* _WHAT THE TASK REQUIRES_
In your reply, repeat the full listing exactly and leave each picture out.

* _MATERIAL PROVIDED_
>>>

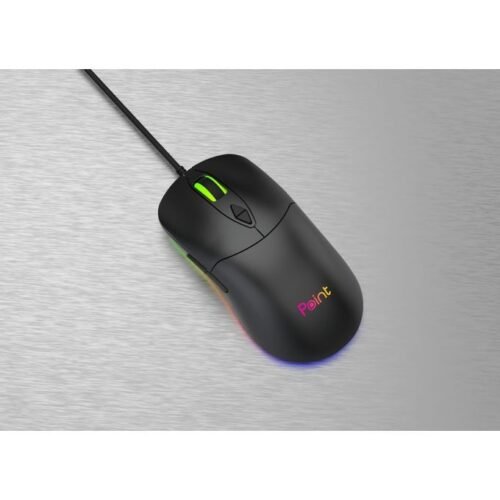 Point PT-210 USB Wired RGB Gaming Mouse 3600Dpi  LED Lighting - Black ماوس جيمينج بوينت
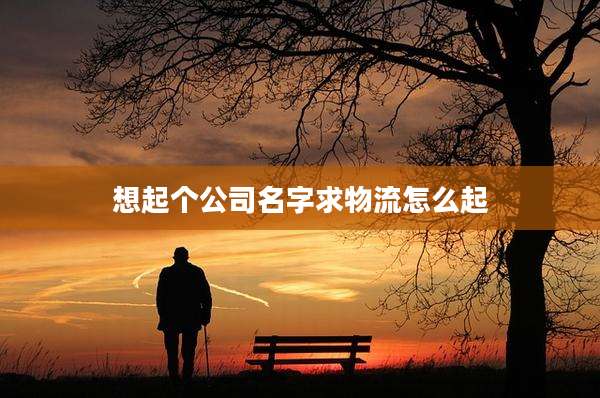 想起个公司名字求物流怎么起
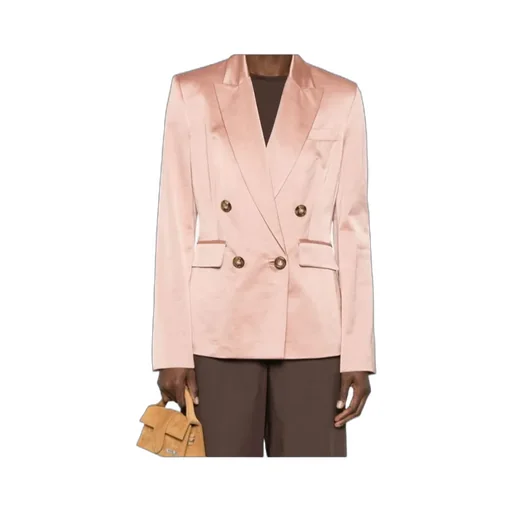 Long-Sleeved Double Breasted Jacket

<<<

* _EXERCISE RESULT_
 Point PT-210 USB Wired RGB Gaming Mouse 3600Dpi  LED Lighting - Black ماوس جيمينج بوينت
 想起个公司名字求物流怎么起
 Long-Sleeved Double Breasted Jacket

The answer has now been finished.